Significant difference (P < 0.05) has been detected for the overall acceptability between the control and treated samples, while no differences were detected among the different treatments. Control salmon slices showed the highest score (6.58) of overall acceptability, followed by NaC-and NaL-treated samples (5.94 and 5.87, respectively), while samples treated with NaA exhibited the least acceptable scores (5.59). Nonetheless, all of the analyzed samples were considered as acceptable (achieved overall scores of more than 4) during all the occasions of the sensory analysis.

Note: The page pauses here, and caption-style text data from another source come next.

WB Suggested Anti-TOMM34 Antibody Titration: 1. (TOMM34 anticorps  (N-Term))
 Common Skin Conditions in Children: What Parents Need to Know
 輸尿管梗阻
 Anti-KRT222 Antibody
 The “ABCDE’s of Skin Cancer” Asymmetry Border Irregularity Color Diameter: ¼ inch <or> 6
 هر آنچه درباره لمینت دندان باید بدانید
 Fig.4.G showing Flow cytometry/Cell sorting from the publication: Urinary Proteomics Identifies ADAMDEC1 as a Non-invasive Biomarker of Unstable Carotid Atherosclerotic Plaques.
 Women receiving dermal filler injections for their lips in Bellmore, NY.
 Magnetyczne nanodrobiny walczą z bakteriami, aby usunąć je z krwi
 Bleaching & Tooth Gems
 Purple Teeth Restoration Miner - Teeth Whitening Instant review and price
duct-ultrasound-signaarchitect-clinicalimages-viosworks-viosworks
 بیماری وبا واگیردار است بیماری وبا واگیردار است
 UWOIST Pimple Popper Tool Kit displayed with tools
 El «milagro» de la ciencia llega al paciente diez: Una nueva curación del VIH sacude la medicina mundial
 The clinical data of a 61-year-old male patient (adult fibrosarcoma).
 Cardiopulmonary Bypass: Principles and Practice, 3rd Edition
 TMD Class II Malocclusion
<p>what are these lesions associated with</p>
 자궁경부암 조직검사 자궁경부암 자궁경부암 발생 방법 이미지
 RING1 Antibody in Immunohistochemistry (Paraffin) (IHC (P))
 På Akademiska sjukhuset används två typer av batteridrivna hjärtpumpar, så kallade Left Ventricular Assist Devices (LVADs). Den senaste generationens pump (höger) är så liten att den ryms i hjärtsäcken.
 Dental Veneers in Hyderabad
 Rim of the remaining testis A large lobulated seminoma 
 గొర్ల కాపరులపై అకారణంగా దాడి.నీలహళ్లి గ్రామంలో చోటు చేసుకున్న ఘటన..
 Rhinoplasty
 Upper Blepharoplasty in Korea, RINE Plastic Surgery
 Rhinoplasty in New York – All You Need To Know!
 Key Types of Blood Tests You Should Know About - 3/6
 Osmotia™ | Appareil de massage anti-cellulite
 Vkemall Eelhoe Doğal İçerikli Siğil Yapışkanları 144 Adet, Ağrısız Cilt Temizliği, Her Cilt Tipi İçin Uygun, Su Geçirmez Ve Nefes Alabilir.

This study concluded that dipping of fresh salmon slices in aqueous solutions (2.5%) of the sodium salts of organic acids can maintain the chemical quality, and extend the shelf life of the product with only minor sensory changes during the refrigerated storage; therefore, sodium acetate, sodium lactate, and sodium citrate can be utilized as safe organic preservatives for fish under refrigerated storage.